- Information provided:
_____

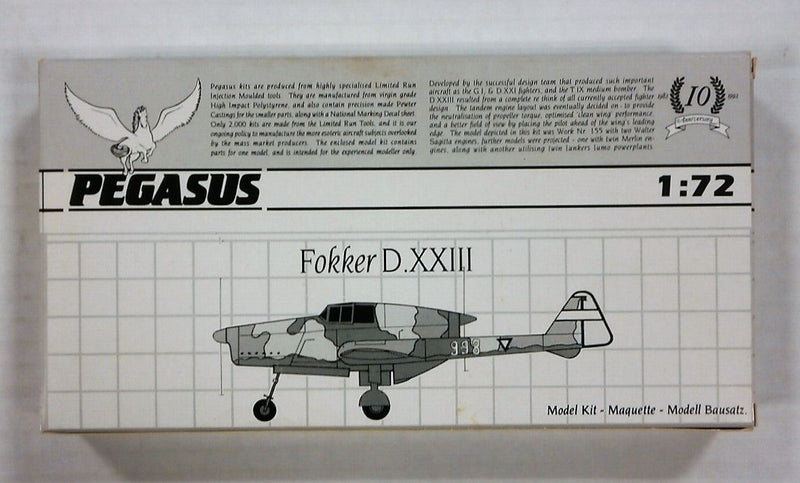 Fokker D.XXlll Fighter 1/72 Scale Plastic Model Kit Pegasus 4005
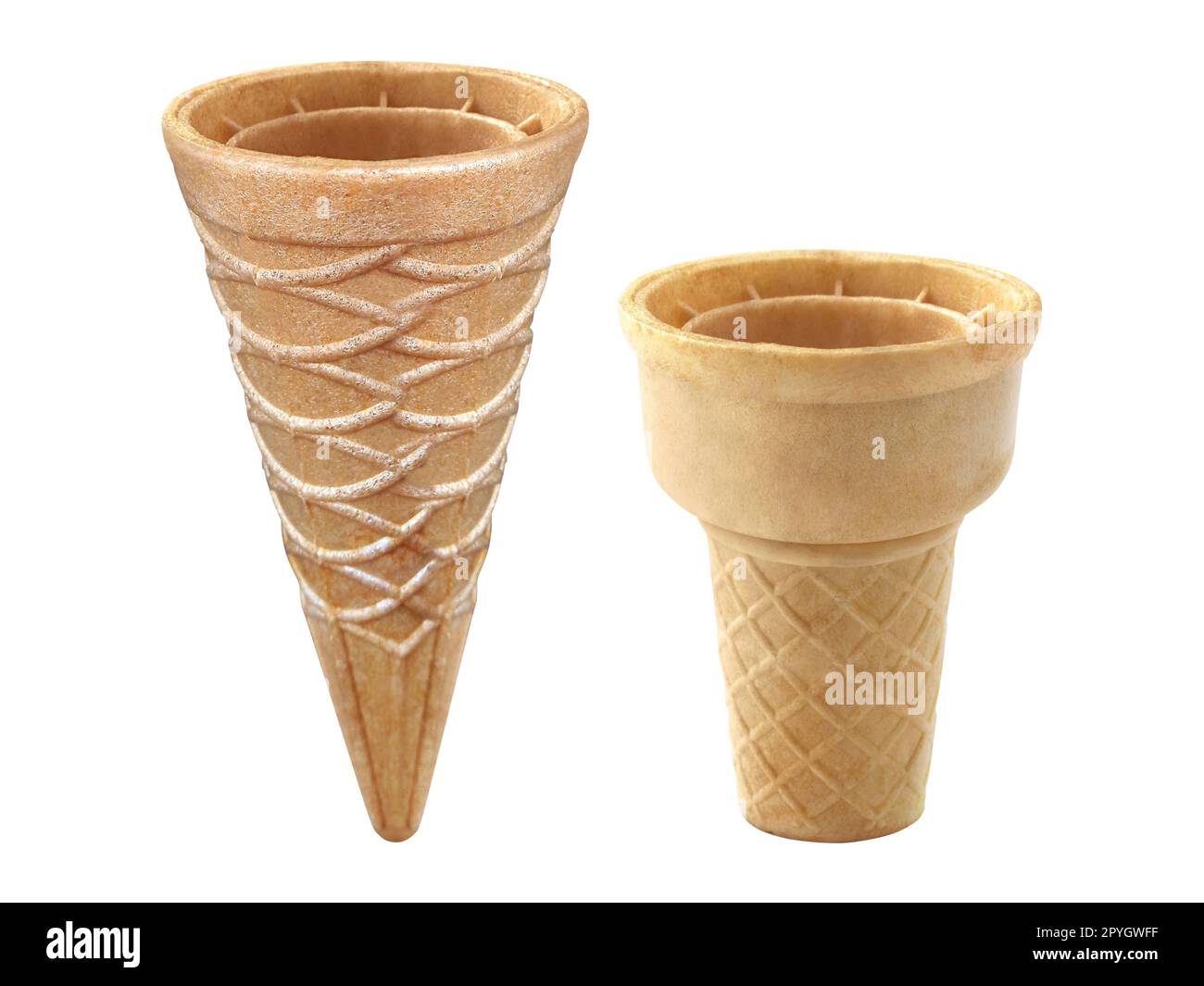 Süße wafer Kegel auf weißem Hintergrund Stockfoto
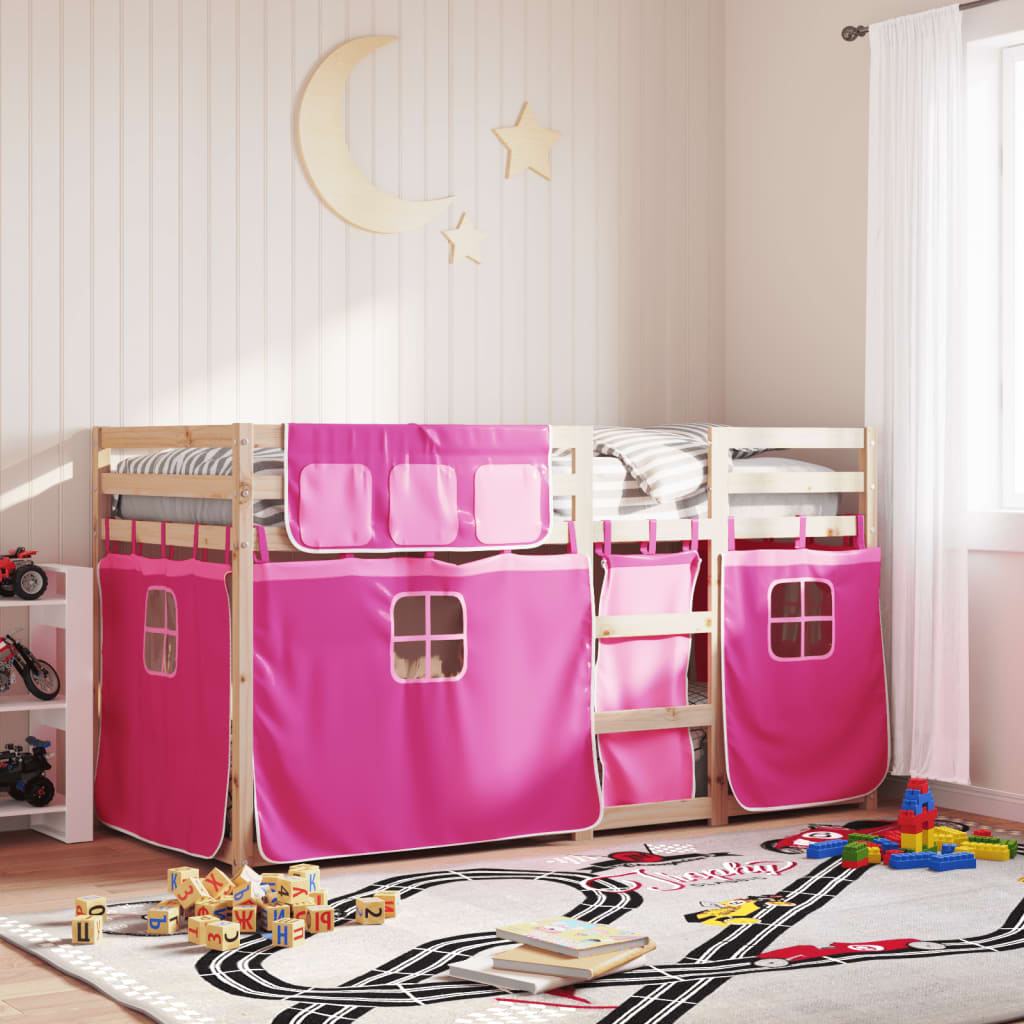 vidaXL Bunk Bed without Mattress Pink 90x200 cm Solid Wood Pine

_____

This exercise asks for the data above to be given again exactly, without pictures.

 Fokker D.XXlll Fighter 1/72 Scale Plastic Model Kit Pegasus 4005
 Süße wafer Kegel auf weißem Hintergrund Stockfoto
 vidaXL Bunk Bed without Mattress Pink 90x200 cm Solid Wood Pine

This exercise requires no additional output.